* **WORK INSTRUCTIONS**
Please return, with no alterations, the lines below from the very first through the one that contains "Set of 4 Upholstered".

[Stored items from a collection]
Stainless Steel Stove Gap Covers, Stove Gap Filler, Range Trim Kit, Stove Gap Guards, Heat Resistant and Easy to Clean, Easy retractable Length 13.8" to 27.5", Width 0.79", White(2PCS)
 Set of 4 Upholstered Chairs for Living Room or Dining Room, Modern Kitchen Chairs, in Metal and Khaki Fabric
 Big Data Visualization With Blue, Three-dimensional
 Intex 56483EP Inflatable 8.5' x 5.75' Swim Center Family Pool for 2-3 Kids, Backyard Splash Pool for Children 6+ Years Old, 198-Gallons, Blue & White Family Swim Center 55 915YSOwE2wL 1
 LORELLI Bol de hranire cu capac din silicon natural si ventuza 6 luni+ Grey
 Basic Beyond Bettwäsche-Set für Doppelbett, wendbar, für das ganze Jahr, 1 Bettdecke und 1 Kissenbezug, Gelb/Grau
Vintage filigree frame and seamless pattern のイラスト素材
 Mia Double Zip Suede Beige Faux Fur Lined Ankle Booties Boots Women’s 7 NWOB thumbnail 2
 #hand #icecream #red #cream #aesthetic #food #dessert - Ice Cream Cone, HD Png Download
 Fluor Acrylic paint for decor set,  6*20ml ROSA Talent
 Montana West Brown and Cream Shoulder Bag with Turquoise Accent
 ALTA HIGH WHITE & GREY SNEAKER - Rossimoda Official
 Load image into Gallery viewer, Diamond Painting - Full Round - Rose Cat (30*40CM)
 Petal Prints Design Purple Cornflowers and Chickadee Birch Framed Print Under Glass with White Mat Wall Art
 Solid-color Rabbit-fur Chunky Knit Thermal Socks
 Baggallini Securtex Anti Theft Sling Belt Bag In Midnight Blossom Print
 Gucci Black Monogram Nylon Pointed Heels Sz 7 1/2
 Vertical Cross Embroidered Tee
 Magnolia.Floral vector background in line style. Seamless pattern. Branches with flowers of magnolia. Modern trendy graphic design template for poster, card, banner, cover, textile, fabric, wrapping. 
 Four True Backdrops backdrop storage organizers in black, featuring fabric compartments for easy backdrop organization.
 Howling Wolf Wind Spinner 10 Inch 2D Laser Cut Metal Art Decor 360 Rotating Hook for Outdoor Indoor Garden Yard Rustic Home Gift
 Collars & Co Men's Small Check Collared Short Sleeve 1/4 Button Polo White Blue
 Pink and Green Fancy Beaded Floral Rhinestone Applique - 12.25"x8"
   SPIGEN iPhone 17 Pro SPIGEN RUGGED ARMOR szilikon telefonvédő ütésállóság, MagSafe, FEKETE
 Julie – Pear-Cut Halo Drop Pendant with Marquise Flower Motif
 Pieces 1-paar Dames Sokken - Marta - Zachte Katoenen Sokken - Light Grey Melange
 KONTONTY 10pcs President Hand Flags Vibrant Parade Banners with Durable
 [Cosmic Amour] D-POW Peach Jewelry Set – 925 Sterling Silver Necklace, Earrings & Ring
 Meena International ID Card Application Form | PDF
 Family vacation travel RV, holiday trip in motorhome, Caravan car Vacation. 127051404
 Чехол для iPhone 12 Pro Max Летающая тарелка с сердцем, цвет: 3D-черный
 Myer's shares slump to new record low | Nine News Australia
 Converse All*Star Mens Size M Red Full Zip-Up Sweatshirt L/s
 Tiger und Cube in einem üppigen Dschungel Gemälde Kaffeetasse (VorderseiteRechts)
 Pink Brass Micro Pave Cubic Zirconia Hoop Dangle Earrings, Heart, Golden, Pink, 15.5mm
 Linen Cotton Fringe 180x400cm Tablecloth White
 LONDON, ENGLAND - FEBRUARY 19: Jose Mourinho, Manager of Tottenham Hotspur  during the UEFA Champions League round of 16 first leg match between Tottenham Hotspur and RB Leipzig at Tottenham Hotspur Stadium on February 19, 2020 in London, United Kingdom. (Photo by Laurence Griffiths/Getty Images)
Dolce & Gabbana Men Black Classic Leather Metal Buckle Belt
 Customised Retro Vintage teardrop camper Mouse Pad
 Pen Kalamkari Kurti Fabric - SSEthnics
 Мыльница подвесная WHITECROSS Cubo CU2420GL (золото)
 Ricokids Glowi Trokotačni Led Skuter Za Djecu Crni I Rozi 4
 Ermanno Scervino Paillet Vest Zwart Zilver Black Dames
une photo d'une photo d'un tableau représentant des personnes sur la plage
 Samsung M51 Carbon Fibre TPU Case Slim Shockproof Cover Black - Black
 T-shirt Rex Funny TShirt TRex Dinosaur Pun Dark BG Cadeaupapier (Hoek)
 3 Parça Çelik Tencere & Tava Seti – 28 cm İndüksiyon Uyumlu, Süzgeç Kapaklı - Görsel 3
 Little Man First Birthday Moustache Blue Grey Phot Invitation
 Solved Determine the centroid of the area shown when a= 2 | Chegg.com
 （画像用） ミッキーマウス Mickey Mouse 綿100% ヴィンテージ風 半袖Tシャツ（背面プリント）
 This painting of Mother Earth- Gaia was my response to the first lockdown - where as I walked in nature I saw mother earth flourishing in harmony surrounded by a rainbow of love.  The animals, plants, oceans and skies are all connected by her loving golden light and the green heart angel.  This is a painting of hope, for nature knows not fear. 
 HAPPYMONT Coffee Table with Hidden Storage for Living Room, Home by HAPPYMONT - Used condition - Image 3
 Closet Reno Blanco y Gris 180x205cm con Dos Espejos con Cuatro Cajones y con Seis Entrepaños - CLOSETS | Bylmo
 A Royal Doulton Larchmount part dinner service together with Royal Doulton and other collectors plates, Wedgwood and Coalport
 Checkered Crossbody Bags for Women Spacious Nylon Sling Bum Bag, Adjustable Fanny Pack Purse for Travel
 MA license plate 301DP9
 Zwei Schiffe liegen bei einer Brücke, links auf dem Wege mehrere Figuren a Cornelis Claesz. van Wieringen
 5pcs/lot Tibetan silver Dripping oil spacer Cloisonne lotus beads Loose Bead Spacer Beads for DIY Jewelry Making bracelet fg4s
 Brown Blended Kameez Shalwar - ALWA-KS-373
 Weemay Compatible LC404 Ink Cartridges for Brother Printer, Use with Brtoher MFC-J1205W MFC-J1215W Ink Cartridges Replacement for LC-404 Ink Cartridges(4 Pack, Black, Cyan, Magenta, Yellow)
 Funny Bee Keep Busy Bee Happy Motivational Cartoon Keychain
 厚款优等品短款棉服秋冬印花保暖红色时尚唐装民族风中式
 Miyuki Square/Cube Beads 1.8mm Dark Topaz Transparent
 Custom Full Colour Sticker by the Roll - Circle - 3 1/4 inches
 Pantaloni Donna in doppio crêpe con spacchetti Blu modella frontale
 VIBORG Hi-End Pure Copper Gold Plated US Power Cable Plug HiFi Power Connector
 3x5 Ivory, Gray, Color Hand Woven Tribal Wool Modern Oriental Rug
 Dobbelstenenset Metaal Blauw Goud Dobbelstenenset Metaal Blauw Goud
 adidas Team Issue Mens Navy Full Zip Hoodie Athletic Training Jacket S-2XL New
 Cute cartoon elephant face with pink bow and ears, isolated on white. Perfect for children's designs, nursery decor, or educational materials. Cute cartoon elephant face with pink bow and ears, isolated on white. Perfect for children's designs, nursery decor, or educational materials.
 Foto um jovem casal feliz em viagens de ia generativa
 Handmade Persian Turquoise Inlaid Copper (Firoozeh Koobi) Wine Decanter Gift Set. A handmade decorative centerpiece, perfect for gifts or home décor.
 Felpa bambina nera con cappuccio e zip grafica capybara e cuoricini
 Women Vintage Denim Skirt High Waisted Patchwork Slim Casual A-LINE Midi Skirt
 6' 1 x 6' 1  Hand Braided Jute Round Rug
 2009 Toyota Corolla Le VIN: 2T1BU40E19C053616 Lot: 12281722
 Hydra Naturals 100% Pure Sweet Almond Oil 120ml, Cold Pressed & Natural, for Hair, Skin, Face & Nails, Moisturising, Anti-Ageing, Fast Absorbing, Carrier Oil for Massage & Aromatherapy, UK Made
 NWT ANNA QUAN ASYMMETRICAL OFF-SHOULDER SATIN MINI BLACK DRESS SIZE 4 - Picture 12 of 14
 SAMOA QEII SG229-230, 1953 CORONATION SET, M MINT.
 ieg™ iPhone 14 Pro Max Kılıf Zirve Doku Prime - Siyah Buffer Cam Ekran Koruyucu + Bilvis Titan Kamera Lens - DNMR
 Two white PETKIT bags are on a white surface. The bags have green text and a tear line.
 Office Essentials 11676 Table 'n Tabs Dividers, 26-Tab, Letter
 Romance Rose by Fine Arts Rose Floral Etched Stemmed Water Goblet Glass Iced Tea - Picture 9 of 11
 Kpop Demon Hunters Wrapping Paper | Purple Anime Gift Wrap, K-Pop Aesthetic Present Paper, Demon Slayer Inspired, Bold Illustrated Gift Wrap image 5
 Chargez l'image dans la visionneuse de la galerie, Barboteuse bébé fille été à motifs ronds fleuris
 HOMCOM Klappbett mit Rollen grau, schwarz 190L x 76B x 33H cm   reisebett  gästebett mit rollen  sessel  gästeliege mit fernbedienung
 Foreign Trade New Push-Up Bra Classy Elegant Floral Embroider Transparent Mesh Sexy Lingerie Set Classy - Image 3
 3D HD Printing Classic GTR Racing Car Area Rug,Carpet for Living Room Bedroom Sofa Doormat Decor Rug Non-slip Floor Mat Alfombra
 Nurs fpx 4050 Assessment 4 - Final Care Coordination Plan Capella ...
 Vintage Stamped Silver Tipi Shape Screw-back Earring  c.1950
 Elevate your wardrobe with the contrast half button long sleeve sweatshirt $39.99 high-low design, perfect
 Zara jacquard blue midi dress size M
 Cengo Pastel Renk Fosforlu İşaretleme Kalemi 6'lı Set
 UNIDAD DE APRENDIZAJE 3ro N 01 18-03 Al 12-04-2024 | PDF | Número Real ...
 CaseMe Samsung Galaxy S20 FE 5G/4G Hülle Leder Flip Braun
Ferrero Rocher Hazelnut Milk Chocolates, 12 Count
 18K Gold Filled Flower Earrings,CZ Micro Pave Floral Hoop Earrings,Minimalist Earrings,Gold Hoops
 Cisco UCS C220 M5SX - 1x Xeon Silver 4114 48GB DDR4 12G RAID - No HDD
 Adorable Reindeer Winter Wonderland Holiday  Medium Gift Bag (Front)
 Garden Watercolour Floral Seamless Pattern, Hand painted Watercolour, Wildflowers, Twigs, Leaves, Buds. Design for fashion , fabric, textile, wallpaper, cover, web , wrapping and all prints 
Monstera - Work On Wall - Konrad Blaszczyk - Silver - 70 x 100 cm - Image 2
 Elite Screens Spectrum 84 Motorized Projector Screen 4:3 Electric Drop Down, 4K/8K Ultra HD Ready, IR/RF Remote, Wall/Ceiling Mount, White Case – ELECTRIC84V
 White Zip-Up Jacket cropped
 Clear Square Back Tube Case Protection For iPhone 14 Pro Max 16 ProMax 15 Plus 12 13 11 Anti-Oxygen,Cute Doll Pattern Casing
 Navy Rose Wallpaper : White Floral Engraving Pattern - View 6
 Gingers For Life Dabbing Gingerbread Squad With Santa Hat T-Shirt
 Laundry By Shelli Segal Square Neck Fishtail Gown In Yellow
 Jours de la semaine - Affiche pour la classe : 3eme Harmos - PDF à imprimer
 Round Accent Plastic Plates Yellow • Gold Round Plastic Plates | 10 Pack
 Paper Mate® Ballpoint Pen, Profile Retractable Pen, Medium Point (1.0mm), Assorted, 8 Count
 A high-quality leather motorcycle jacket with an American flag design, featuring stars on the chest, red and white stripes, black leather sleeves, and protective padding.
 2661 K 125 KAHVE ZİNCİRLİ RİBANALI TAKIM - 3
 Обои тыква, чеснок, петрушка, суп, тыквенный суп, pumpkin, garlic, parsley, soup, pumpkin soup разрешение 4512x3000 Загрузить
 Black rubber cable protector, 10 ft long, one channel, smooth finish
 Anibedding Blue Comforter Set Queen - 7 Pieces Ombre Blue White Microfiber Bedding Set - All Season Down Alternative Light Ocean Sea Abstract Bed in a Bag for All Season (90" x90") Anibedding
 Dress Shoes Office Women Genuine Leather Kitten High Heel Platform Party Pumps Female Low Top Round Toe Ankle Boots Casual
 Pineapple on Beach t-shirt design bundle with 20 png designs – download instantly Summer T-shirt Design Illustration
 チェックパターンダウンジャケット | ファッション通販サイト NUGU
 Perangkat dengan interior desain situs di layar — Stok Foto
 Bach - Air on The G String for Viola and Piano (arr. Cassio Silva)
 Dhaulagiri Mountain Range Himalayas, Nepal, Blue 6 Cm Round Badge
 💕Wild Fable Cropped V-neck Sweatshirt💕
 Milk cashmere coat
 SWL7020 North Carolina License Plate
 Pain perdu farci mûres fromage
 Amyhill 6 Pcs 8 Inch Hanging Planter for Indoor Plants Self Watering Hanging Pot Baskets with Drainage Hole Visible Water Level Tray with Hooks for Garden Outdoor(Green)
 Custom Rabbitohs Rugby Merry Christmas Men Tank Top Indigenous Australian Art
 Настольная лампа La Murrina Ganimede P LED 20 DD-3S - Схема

* **TASK ANSWER**
Stainless Steel Stove Gap Covers, Stove Gap Filler, Range Trim Kit, Stove Gap Guards, Heat Resistant and Easy to Clean, Easy retractable Length 13.8" to 27.5", Width 0.79", White(2PCS)
 Set of 4 Upholstered Chairs for Living Room or Dining Room, Modern Kitchen Chairs, in Metal and Khaki Fabric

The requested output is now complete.